### RECORDS
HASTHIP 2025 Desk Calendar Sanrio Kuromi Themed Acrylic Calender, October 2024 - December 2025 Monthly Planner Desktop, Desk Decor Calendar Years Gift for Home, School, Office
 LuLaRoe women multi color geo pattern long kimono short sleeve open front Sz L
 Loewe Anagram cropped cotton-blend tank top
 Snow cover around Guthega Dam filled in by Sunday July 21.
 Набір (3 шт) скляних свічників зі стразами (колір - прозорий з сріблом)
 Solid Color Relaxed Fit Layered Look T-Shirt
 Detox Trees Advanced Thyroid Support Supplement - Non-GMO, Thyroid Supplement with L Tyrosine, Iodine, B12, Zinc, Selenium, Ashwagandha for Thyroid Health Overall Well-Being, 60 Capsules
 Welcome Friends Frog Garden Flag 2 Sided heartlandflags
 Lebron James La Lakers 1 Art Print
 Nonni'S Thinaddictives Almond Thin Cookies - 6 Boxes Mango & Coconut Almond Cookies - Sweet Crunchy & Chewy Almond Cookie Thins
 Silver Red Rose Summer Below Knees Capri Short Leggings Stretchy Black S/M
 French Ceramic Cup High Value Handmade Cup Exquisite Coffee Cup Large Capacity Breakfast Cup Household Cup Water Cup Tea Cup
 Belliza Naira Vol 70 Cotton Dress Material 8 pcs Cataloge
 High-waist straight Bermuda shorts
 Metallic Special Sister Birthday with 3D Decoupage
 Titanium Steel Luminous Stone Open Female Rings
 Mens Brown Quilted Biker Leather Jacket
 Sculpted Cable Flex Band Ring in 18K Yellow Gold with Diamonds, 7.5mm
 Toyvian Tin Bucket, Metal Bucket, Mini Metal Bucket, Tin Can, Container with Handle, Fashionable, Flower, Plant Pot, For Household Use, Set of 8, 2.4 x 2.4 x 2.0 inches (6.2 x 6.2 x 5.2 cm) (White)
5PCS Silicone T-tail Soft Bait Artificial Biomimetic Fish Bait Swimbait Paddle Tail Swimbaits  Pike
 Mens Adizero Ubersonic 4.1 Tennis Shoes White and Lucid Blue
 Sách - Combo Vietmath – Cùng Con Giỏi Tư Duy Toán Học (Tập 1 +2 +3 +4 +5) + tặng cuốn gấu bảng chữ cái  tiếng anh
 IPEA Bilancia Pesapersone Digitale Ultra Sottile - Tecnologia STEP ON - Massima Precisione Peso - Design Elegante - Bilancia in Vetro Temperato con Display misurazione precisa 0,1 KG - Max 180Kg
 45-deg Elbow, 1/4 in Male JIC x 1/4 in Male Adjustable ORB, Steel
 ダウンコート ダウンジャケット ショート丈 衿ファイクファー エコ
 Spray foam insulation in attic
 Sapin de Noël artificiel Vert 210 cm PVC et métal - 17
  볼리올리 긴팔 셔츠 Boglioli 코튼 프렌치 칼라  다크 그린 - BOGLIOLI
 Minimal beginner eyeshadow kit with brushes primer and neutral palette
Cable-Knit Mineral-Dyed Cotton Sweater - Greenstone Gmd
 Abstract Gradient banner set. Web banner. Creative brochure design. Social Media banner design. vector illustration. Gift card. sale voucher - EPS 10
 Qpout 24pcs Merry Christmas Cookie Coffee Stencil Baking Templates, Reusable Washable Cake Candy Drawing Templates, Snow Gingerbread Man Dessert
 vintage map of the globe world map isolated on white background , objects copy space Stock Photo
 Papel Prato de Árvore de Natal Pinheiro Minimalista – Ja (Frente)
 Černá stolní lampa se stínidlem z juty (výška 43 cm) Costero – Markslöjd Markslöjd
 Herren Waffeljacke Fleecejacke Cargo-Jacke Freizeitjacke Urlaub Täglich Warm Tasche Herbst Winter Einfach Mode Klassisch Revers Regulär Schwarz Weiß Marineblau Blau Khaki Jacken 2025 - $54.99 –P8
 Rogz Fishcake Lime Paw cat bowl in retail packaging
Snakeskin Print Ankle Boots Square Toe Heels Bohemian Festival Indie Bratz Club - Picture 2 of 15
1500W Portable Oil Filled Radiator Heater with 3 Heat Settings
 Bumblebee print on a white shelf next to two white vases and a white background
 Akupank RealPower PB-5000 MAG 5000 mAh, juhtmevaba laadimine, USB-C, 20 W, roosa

### TO DO
Starting at the first line of the records above, please copy each line exactly until you reach the line containing "Sách - Combo". Include that line and stop there.

### ANSWER FOR THE TASK
HASTHIP 2025 Desk Calendar Sanrio Kuromi Themed Acrylic Calender, October 2024 - December 2025 Monthly Planner Desktop, Desk Decor Calendar Years Gift for Home, School, Office
 LuLaRoe women multi color geo pattern long kimono short sleeve open front Sz L
 Loewe Anagram cropped cotton-blend tank top
 Snow cover around Guthega Dam filled in by Sunday July 21.
 Набір (3 шт) скляних свічників зі стразами (колір - прозорий з сріблом)
 Solid Color Relaxed Fit Layered Look T-Shirt
 Detox Trees Advanced Thyroid Support Supplement - Non-GMO, Thyroid Supplement with L Tyrosine, Iodine, B12, Zinc, Selenium, Ashwagandha for Thyroid Health Overall Well-Being, 60 Capsules
 Welcome Friends Frog Garden Flag 2 Sided heartlandflags
 Lebron James La Lakers 1 Art Print
 Nonni'S Thinaddictives Almond Thin Cookies - 6 Boxes Mango & Coconut Almond Cookies - Sweet Crunchy & Chewy Almond Cookie Thins
 Silver Red Rose Summer Below Knees Capri Short Leggings Stretchy Black S/M
 French Ceramic Cup High Value Handmade Cup Exquisite Coffee Cup Large Capacity Breakfast Cup Household Cup Water Cup Tea Cup
 Belliza Naira Vol 70 Cotton Dress Material 8 pcs Cataloge
 High-waist straight Bermuda shorts
 Metallic Special Sister Birthday with 3D Decoupage
 Titanium Steel Luminous Stone Open Female Rings
 Mens Brown Quilted Biker Leather Jacket
 Sculpted Cable Flex Band Ring in 18K Yellow Gold with Diamonds, 7.5mm
 Toyvian Tin Bucket, Metal Bucket, Mini Metal Bucket, Tin Can, Container with Handle, Fashionable, Flower, Plant Pot, For Household Use, Set of 8, 2.4 x 2.4 x 2.0 inches (6.2 x 6.2 x 5.2 cm) (White)
5PCS Silicone T-tail Soft Bait Artificial Biomimetic Fish Bait Swimbait Paddle Tail Swimbaits  Pike
 Mens Adizero Ubersonic 4.1 Tennis Shoes White and Lucid Blue
 Sách - Combo Vietmath – Cùng Con Giỏi Tư Duy Toán Học (Tập 1 +2 +3 +4 +5) + tặng cuốn gấu bảng chữ cái  tiếng anh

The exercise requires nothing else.